PROMPT. Go through the following data and transcribe exactly the stretch of lines from the one holding "Verdai beauty ecommerce" to the one holding "Salomon X ULTRA", both included.

RECORD SET.
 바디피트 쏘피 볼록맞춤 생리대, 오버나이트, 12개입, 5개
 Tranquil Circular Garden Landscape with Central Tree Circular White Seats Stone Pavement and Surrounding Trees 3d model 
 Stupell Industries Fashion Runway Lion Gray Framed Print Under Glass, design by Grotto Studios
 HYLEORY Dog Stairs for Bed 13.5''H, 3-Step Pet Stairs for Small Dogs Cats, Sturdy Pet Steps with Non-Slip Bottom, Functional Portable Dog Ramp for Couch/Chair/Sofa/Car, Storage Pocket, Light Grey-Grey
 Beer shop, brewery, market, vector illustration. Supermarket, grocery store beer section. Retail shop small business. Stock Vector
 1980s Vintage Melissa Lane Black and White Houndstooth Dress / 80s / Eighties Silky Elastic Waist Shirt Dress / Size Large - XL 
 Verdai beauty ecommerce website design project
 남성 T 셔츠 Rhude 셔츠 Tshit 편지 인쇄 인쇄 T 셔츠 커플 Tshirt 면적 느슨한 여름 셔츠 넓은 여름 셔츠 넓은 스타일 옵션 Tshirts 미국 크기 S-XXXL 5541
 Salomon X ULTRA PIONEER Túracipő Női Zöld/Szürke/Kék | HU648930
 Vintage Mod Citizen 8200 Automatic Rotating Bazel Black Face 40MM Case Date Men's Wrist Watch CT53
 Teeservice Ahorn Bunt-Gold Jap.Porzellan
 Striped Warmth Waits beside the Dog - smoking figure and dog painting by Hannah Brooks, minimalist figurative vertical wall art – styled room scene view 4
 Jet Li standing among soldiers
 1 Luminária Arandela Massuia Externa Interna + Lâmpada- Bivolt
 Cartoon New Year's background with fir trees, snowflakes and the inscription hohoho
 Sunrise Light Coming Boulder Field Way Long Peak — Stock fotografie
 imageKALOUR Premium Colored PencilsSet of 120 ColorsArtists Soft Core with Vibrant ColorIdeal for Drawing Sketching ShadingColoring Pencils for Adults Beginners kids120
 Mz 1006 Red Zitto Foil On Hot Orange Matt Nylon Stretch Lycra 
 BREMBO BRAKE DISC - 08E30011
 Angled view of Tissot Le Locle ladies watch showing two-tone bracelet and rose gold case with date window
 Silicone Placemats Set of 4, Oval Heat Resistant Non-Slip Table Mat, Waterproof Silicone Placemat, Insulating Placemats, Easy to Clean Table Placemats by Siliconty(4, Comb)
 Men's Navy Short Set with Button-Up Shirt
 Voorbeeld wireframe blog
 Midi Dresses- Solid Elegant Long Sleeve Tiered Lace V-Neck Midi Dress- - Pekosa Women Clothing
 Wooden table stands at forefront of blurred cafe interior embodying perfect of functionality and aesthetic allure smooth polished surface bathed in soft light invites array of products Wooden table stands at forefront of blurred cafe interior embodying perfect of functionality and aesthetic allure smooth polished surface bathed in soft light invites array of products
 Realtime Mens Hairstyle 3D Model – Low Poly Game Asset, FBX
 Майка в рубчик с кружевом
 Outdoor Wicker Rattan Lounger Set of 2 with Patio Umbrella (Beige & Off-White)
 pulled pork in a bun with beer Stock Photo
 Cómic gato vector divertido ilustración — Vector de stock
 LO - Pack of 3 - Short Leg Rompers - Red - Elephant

EXPECTED OUTPUT.
 Verdai beauty ecommerce website design project
 남성 T 셔츠 Rhude 셔츠 Tshit 편지 인쇄 인쇄 T 셔츠 커플 Tshirt 면적 느슨한 여름 셔츠 넓은 여름 셔츠 넓은 스타일 옵션 Tshirts 미국 크기 S-XXXL 5541
 Salomon X ULTRA PIONEER Túracipő Női Zöld/Szürke/Kék | HU648930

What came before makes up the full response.